Ebola Flood
A woman wades through the flooded streets of Sierra Leone. [Representational Image]Reuters

Monsoon has arrived at the Ebola-hit towns of Kenema and Kailahun, in Sierra Leone, as the World Health Organisation (WHO) has announced that over 1,000 people have been killed by the deadly virus in West Africa.

A total of 52 people have died in a span of three days, increasing the total death toll to 1,013 in the four Ebola-hit West African nations of Guinea, Liberia, Sierra Leone and Nigeria, the WHO told Reuters. Other than this, WHO also said that a total of 1,848 people have now been diagnosed with the deadly virus, which has a mortality rate of around 60 percent.

Meanwhile, monsoon has hit the two Sierra Leonean towns of Kailahun and Kenema, which seem to have been completely flooded, according to a report by Newsweek. The report by WHO also states that 17 people have been killed by the deadly virus, in Sierra Leone, over the past three days.

The flooding of these two Ebola-hit towns have also increased fears that the disease could spread even faster. The last time these towns were flooded (2012), an outbreak of cholera occurred. However, this time, the scenario is completely different.

The Ebola outbreak has caused panic in the areas and efforts are in place to contain this disease. The two towns have been cordoned off by the armed forces, and people cannot be evacuated. As the Ebola virus spreads through bodily fluids, the flood could pose an even greater threat to spread the virus.
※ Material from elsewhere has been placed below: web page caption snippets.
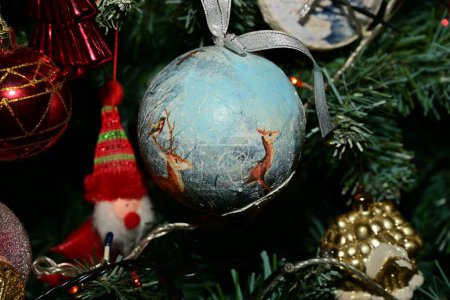 Foto de Adornos de Navidad, año nuevo, árbol de Navidad - Imagen libre de derechos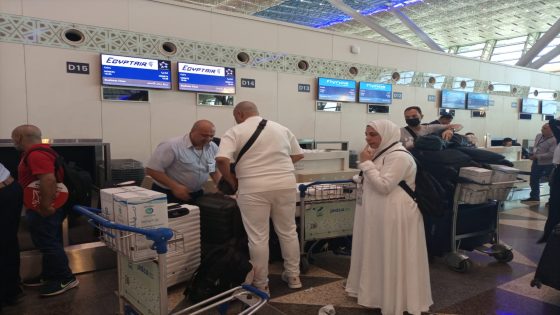 وزارة السياحة: استمرار عودة حجاج السياحة المصريين من مطاري جدة والمدينة ضمن موسم حج 1446 هـ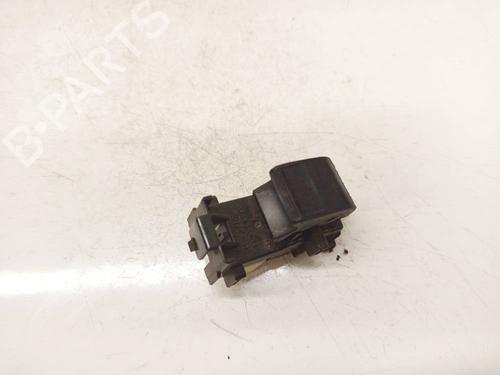 Used Switch Switch TOYOTA RAV 4 III (_A3_) 2.2 D (ALA35_) (150 hp) 33770582 33770582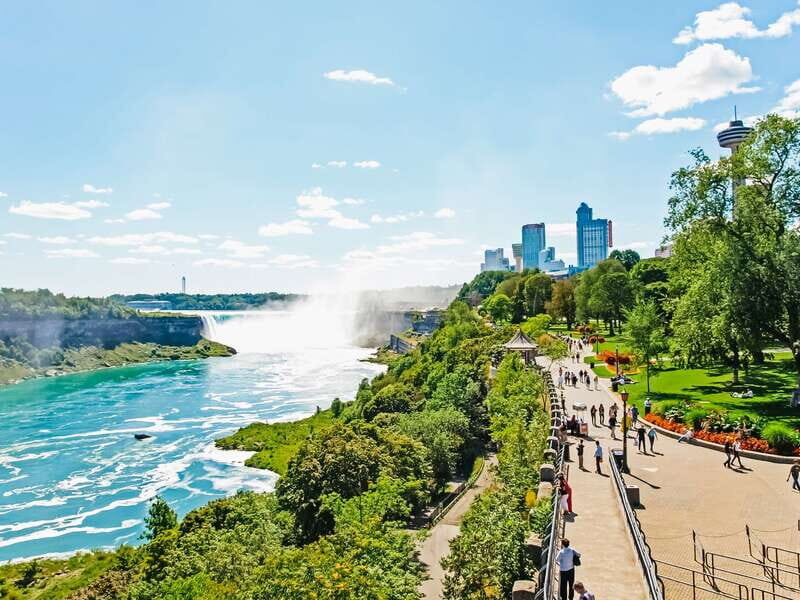 From Toronto: Customizable Guided Day Trip to Niagara Falls - Queens Royal Park and Niagara Parkway: The Scenic Photo Stretch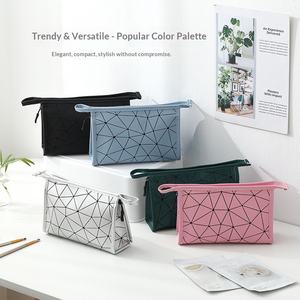 Bolsa de Almacenamiento de Cosméticos de Cuero PU de Alta Calidad con Logotipo Personalizado, Bolsa de Maquillaje de Viaje Impermeable de Lujo para Mujer - Product Image 2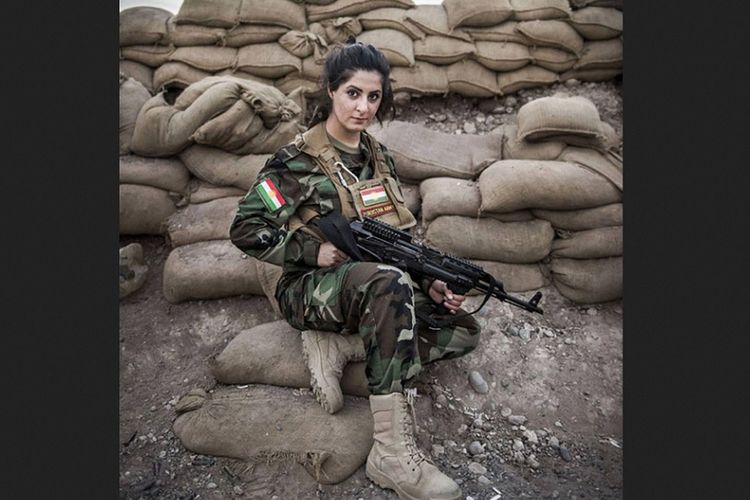 Joanna Palani (26), perempuan yang bergabung dengan kelompok yang memerangi ISIS di Suriah sebagai penembak runduk.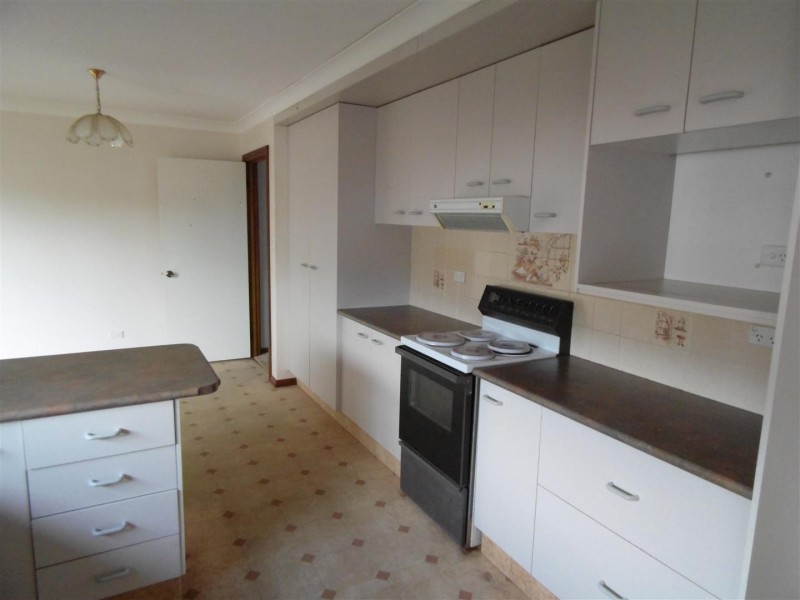 33 Lawson Street, Parkes NSW 2870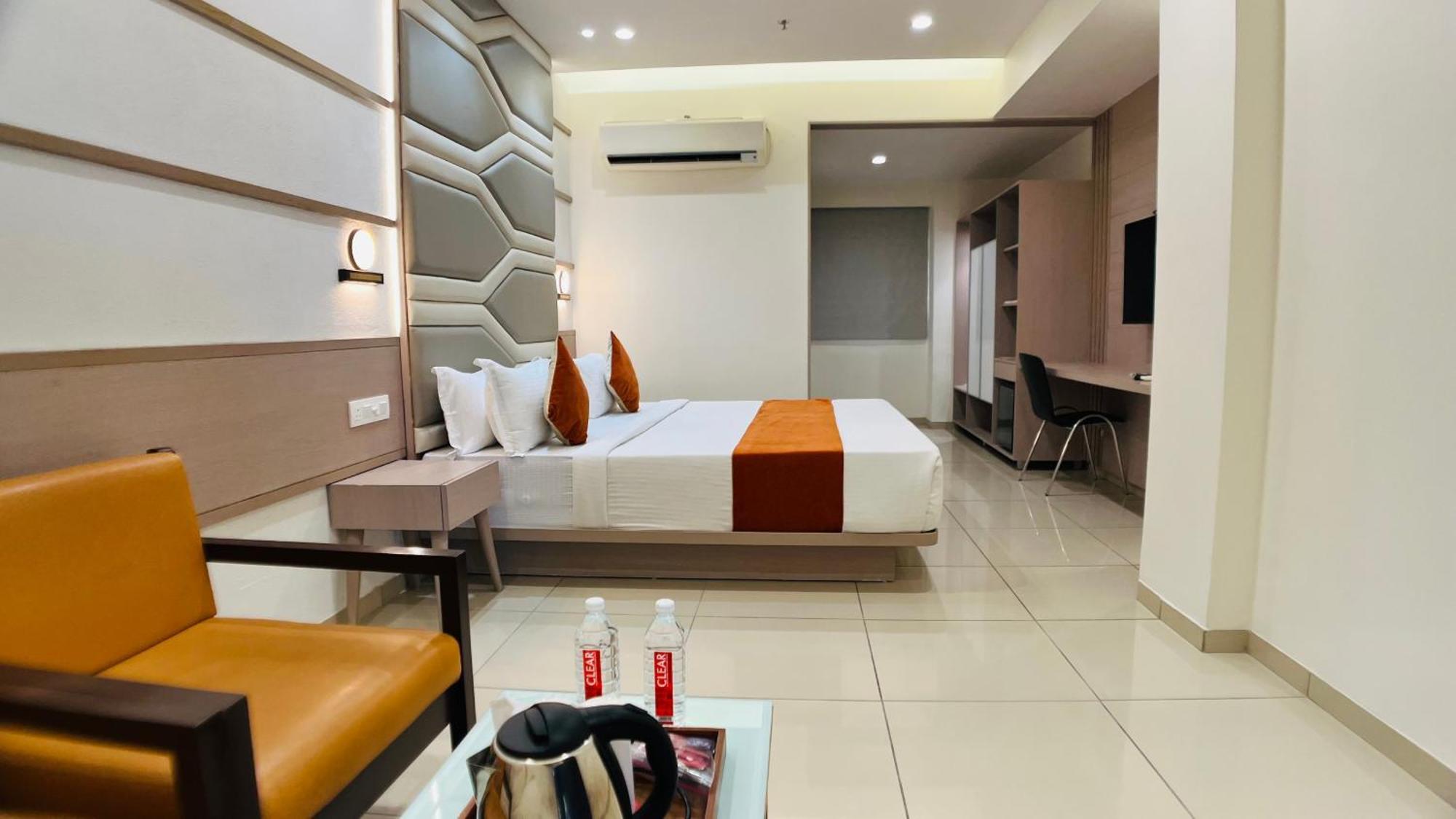 Hotel Ashray Inn Express Ahmedabad Buitenkant foto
Additionally, flooding in these two towns, in a normal year, causes much economic instability. Food stocks are often destroyed by the flood, as the regional markets exhibit inflation for the essential food products. It is with good reason that the farmers call the months of June, July and August, the "hungry season".
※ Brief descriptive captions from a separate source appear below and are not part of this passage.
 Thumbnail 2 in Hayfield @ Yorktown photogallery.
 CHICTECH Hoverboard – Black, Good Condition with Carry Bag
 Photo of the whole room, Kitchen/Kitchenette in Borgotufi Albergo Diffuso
As far as the people's fear of the Ebola virus is concerned, they appear to shun hospitals more than the virus itself. A visit to the hospital is often deemed as a death sentence in these parts of the country. Even the health care workers seem to fear a visit to their workplace these days, as recent reports say that they are the most at risk of contracting the virus.

More than 20 health care workers have been killed by the virus. Only the workers who deal with the Ebola patients are provided with protective gear, while the others are poorly equipped. As a flurry of health care workers flee from their duties, the general support of the public seems to be for these nurses and doctors and miscellaneous hospital staff. They believe that it is the government who is responsible for this trend, and that they should be providing better infrastructure for the health care workers.
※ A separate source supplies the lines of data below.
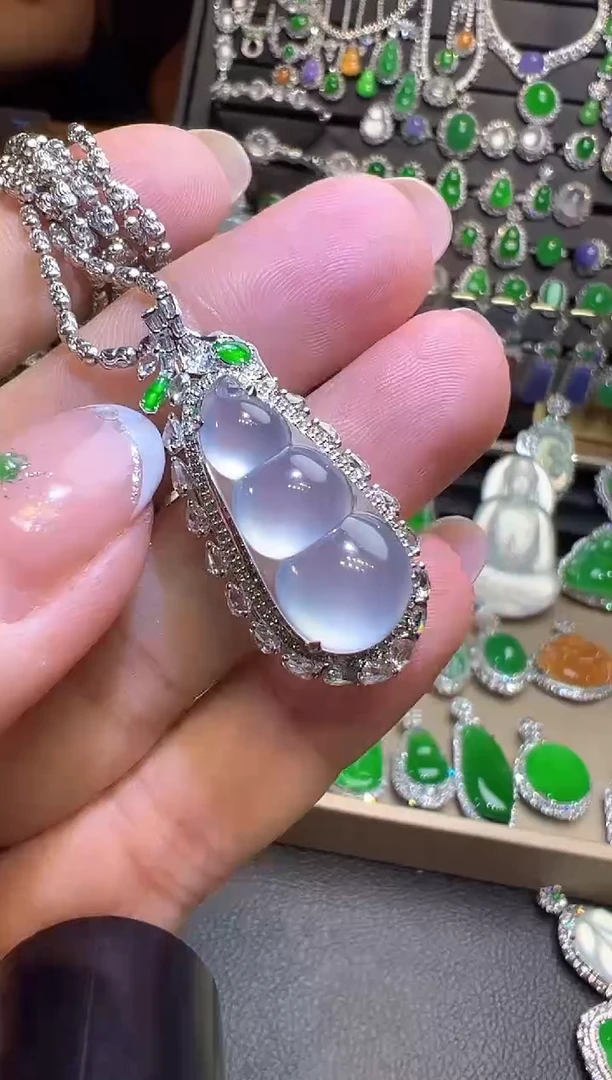 颈饰18K金镶嵌翡翠豆子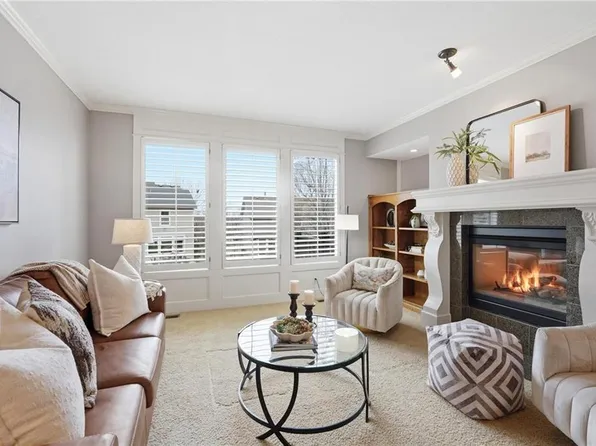 15708 Linden St, Overland Park, KS 66224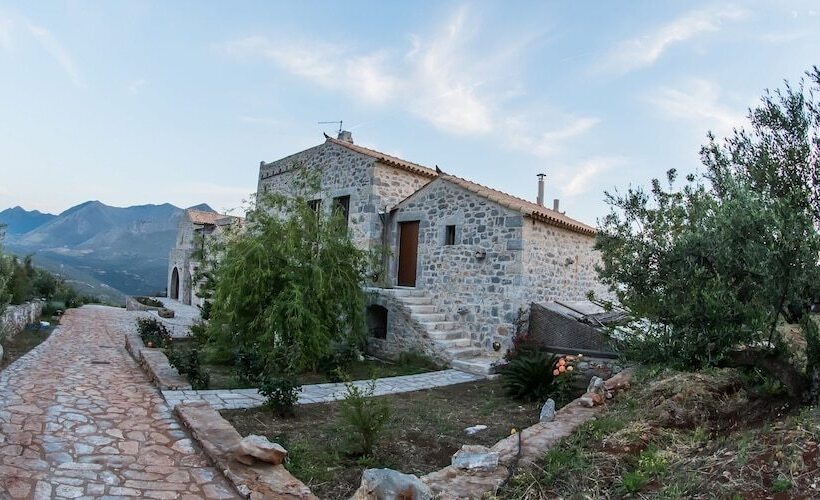 בית מלון כפרי Xemoni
The prices of medication and disinfectants have also increased drastically due to the outbreak and the flood respectively. Fearing the hospitals, many people have been trying to treat themselves with whatever medicine they feel would best suit their symptoms. Meanwhile, the price of chlorine has reportedly doubled, due to the flood; as the locals consider chlorine to be the best disinfectant for water.